▸ Task goal
All that is wanted is the span of lines from the one with "GABLES BATH CLUB APTS CON - Residential" to the last line of the data, copied exactly.
[[ Record extracts open ]]
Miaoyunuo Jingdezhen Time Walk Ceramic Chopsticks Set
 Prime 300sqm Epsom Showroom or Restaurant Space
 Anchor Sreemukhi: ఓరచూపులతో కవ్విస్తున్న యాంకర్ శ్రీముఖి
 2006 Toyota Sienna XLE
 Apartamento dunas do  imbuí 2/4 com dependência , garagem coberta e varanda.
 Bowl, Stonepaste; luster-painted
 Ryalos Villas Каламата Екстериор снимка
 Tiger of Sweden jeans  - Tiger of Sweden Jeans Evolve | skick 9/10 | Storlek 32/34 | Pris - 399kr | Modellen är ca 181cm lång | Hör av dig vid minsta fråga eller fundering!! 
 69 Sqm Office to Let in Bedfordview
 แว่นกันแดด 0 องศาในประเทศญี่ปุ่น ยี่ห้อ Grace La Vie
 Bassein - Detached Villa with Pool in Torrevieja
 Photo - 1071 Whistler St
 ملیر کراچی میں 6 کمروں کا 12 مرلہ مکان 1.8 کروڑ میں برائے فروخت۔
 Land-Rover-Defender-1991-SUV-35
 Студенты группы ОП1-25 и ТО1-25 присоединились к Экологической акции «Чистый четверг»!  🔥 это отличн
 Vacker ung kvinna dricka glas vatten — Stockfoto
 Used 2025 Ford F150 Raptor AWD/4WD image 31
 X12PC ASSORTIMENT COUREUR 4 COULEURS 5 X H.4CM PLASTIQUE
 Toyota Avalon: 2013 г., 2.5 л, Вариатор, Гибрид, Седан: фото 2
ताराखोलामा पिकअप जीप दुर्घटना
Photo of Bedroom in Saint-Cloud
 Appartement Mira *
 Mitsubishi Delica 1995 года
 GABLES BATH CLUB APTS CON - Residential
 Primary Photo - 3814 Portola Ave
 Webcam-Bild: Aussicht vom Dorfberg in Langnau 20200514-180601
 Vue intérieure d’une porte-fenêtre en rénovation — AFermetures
[[ Record extracts closed ]]
▸ Exercise output
 GABLES BATH CLUB APTS CON - Residential
 Primary Photo - 3814 Portola Ave
 Webcam-Bild: Aussicht vom Dorfberg in Langnau 20200514-180601
 Vue intérieure d’une porte-fenêtre en rénovation — AFermetures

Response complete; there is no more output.